#### Material for this exercise:

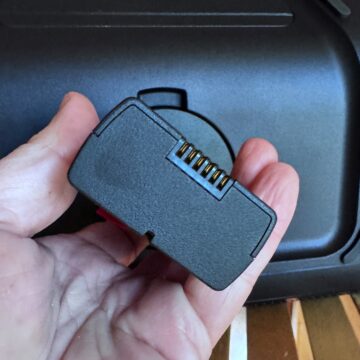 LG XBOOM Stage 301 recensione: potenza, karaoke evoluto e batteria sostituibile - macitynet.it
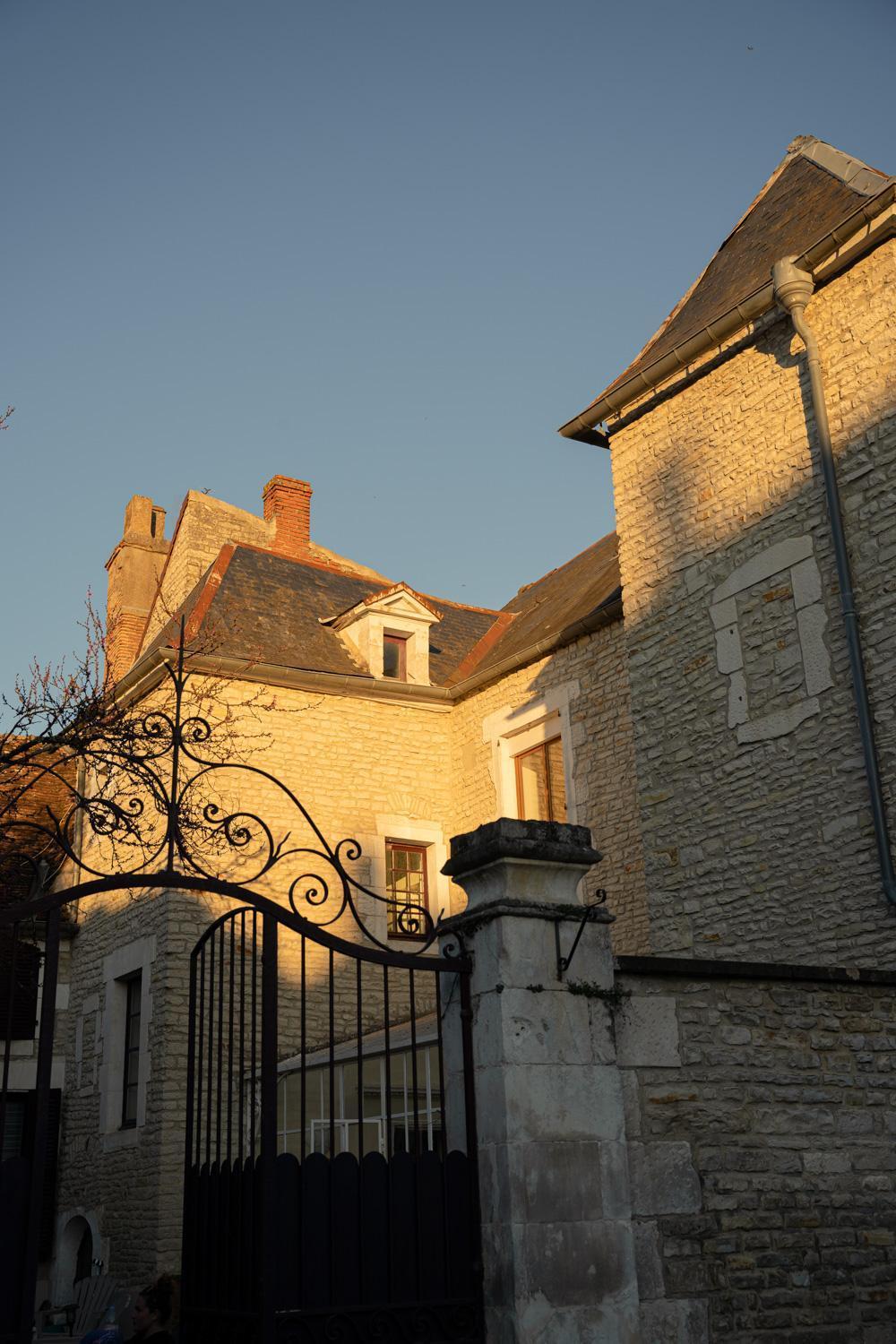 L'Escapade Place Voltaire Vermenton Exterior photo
* * *
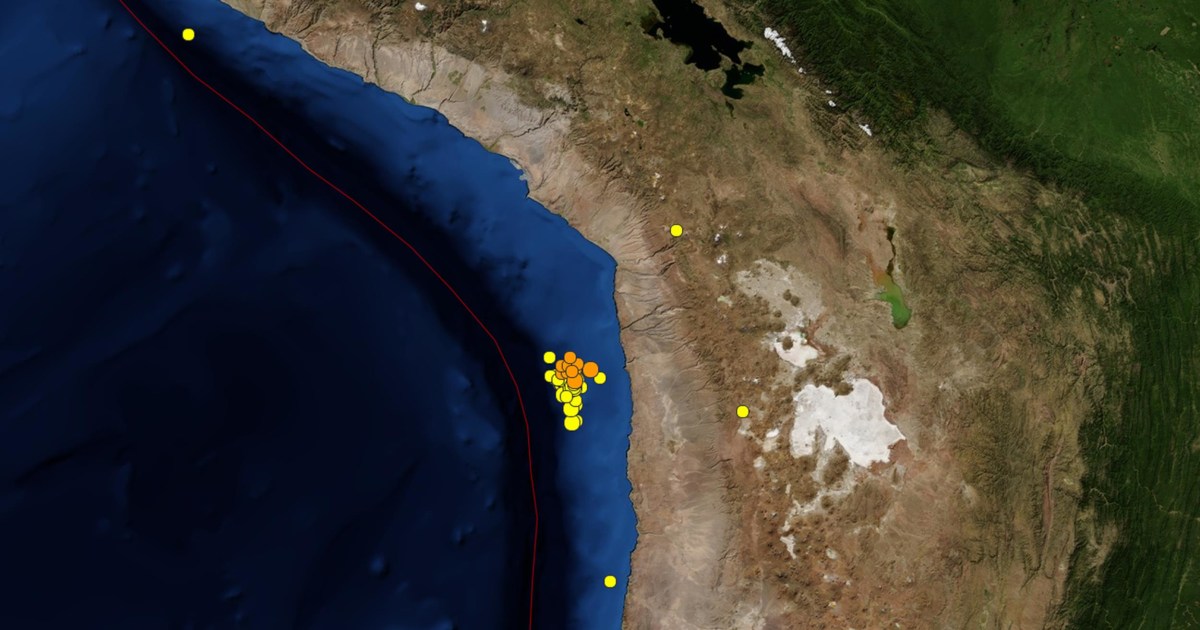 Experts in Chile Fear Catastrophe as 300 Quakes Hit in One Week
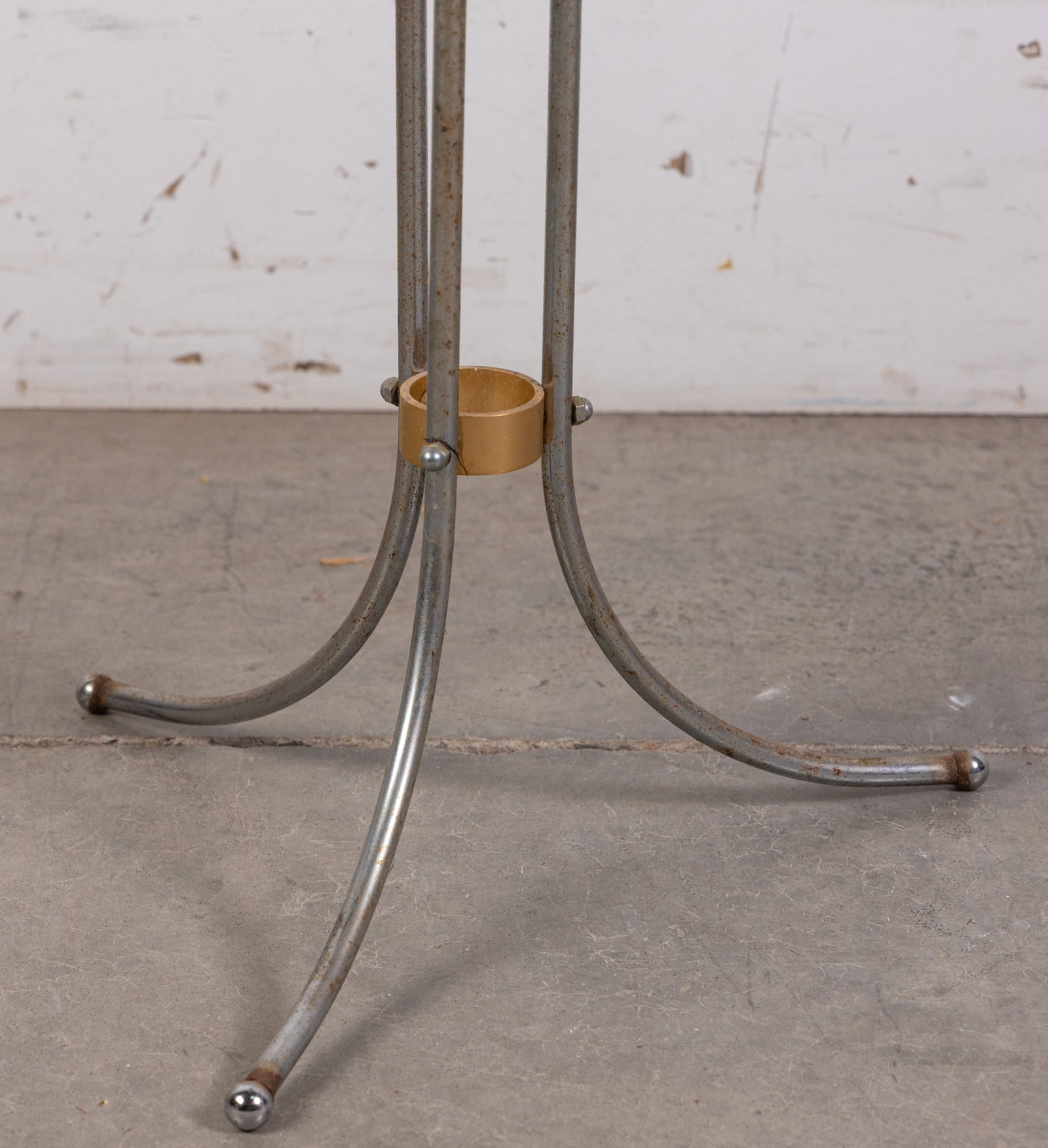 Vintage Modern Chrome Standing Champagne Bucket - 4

#### About this task:
All pictures are to be skipped. Output, word for word, the lines in the data above starting at the line containing "Experts in Chile" and ending at the line containing "Vintage Modern Chrome".

#### Answer for the task:
 Experts in Chile Fear Catastrophe as 300 Quakes Hit in One Week
 Vintage Modern Chrome Standing Champagne Bucket - 4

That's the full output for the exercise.